In the most basic sense, public-sector workers have found themselves back in the 1960s. Some had collective bargaining rights, but because they were bargaining within such a narrow scope, and all the locals were under extreme financial pressure, none had the ability to initiate direct action in the workplace.

Finally, taking advantage of the weakened labor movement, and in violation of the promises he made to the building trades, Governor Walker initiated the passage of a “right to work” law in 2015, further weakening private-sector unions. The combination of public-sector union demise and the continuing weakening of private-sector unions makes it much more difficult to build locally based organizations that can successfully challenge incumbents and flip the state legislature, to make it more responsive to the majority by countering the effects of gerrymandering.

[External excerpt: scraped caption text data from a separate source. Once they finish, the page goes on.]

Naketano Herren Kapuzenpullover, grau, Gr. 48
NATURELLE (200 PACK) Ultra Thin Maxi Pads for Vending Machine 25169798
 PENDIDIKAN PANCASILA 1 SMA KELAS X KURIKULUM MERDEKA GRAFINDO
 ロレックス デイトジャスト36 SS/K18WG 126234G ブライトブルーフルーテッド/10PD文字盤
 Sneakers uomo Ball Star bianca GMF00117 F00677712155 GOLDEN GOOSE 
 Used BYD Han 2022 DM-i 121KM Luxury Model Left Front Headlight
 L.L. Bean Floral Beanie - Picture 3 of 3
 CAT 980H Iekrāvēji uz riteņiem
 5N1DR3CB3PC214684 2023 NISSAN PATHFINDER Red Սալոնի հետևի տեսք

The weakness of Wisconsin unions, with their commitment to increasing voter participation, has enabled the GOP to mount continuing and often successful attacks on the franchise itself, consistent with their long-term objectives of reducing the power of working people.

Wisconsin working people are at a crossroads. If we are to regain rights at the workplace, and if unions are to become organizations that employers have to meet and confer with, we are going to have to figure out ways to show employers how valuable we are. Targeted direct action actions at the workplace are one way to do that. Working to rule almost always gets the employer’s attention. But for that tactic to be effective, a relatively high level of commitment and organization is necessary. Tactics like this are particularly effective given the lean staffing models favored by employers. In the absence of the ability to control the workplace—even if unions do have an effective electoral strategy—there is little likelihood that the balance of forces will change.